Depois de tantas décadas no Brasil, como o mergulho na pesquisa do livro afetou sua compreensão dos brasileiros? De modo geral, a pesquisa confirmou minha visão do Brasil. No terreno político, a dificuldade de criar partidos com base ideológica, e não com base no personalismo. Isso se vê como desafio já ao longo da Primeira República e afetou todos os presidentes da época. No aspecto cultural, saí mais convencido ainda da minha visão do Brasil como uma cultura mestiça. É certo que essa mistura arrasta desigualdades, exploração. Mas a criação de uma cultura mestiça é uma grande façanha do Brasil. Rondon personifica esse processo. Foi criado numa vila, em contato cotidiano com escravos e indígenas. Ele sofreu o impacto das várias culturas que fazem parte dessa miscigenação chamada Brasil.

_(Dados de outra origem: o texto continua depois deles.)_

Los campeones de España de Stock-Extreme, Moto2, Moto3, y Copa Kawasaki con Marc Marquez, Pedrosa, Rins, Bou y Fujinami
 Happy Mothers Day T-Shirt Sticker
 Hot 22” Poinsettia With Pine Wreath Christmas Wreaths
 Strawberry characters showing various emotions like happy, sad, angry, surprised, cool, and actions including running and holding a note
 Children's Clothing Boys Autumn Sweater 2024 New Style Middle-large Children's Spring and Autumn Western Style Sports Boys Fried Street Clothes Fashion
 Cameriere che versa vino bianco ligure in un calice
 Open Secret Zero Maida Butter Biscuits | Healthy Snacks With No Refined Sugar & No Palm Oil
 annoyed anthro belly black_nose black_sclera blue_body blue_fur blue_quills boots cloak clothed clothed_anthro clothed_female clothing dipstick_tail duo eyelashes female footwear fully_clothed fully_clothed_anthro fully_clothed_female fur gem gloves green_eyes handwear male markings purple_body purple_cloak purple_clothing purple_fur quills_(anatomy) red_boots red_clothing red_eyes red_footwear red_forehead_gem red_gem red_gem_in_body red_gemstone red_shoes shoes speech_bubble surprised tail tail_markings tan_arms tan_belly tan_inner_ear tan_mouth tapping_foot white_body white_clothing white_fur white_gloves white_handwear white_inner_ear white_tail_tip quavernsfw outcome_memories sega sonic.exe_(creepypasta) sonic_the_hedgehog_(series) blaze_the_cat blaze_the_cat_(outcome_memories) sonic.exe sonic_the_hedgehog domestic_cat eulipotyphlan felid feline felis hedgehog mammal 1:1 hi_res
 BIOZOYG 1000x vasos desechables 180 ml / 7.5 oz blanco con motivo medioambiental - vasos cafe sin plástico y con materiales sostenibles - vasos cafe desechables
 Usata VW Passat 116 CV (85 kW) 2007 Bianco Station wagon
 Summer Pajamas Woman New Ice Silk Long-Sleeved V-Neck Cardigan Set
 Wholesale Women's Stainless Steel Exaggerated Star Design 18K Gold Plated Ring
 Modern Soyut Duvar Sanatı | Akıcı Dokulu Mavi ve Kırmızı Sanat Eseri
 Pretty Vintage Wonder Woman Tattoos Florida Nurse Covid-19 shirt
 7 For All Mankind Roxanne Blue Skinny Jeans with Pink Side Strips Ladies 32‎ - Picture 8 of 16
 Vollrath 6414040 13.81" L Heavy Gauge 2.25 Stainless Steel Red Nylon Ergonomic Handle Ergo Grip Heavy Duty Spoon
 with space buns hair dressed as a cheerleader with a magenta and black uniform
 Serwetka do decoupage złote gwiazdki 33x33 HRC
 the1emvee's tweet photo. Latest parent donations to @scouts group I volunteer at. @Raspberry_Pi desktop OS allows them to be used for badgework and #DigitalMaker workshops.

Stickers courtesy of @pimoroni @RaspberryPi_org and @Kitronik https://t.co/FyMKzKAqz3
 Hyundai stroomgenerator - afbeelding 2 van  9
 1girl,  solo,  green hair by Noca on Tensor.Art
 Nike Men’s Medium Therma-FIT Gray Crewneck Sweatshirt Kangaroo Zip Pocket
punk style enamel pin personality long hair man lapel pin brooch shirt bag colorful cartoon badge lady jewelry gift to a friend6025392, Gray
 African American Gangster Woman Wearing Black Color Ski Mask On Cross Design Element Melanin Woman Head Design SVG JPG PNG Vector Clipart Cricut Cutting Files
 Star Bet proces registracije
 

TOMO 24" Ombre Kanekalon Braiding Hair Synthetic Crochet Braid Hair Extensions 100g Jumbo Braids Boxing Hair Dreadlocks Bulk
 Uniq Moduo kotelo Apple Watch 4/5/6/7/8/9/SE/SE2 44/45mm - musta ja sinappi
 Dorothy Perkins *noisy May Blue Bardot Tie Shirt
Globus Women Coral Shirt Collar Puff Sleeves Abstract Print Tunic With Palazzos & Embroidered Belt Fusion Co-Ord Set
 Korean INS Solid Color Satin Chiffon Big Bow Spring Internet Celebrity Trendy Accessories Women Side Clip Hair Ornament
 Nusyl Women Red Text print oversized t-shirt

O senhor pesquisou documentos no Museu Nacional do Rio, incendiado em setembro do ano passado. Parte dessa iconografia foi destruída? Sim, infelizmente. Passei um mês lá, digitalizei cerca de 5 000 páginas de arquivos, muitos deles perdidos. Rondon foi o maior doador de espécies para o museu. Já estamos em contato e será um prazer devolver o acervo que pude copiar.
Há alguma ironia no fato de ter apresentado o projeto da biografia em 2014, num momento tão diferente da política brasileira? O livro foi ganhando corpo à medida que avançava a Operação Lava-Jato — e muitos amigos se mostraram progressivamente deprimidos. Parecia a eles que todos, na vida pública, eram corruptos ou incompetentes ou as duas coisas simultaneamente. Imaginei o livro como um presente para essas pessoas queridas. Para lembrá-las de que o Brasil já produziu um homem com qualidades extraordinárias. O país tem a capacidade de gerar personagens heroicos como Rondon, esse homem reto, incrivelmente abnegado e patriota, no melhor sentido da palavra.